A paisagem política mudou radicalmente com os 18% do Chega. O seu crescimento exponencial é outro dado da radicalização do país. Não apenas por ser um partido populista, mas pelo facto de conseguir atrair o eleitorado não tendo qualquer consistência discursiva ou de atitude. Se compararmos o Chega com o Vox espanhol, percebemos de imediato uma diferença significativa. O partido espanhol é altamente estruturado, tanto do ponto de vista ideológico como do comportamento das suas lideranças. O partido português chega a uma votação significativa apenas fundado nas diatribes de André Ventura, no comportamento desrespeitoso perante os adversários políticos, as instituições democráticas da República e os grandes valores do 25 de Abril. Na prática, os eleitores não fazem ideia de quais são as políticas substantivas do Chega. Mesmo assim votam nele, como se houvesse um desejo de destruição, a começar na destruição do PSD – um dos objectivos de Ventura – e a seguir da democracia tal como a entendemos.

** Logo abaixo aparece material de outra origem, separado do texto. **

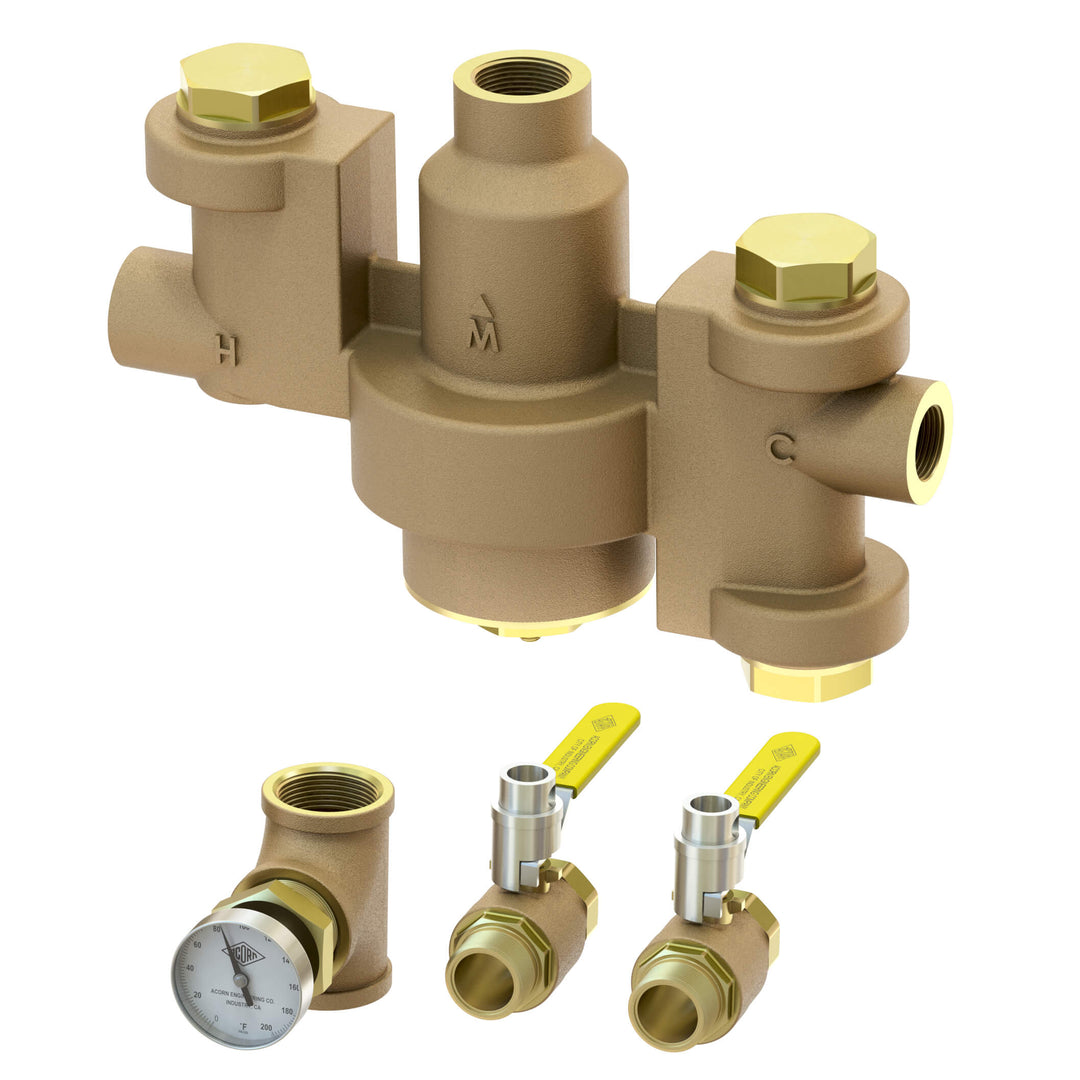 ET71-3-BVS-OTG Thermostatic Mixing Valve for Emergency Station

Outro sinal da radicalização da nossa
sociedade é a erosão do Partido Comunista. É preciso compreender o papel
central que este partido tem tido no equilíbrio do sistema político. Não tanto
no jogo parlamentar, embora também aí tenha tido papel de relevo, mas no jogo
social, onde o papel do PCP nos sindicatos tem sido central para evitar
contestações anárquicas do regime e tem servido de escape aos sentimentos
negativos que podem atingir parte da população. Neste momento, existem já
movimentos de contestação inorgânicos, que não obedecem a qualquer
racionalidade política, os quais são uma ameaça para a saúde da democracia. A
erosão parlamentar do PCP e a do movimento sindical, que dificilmente será
travada, é um outro sintoma de degradação da paisagem política no momento em
que a transição à democracia faz 50 anos.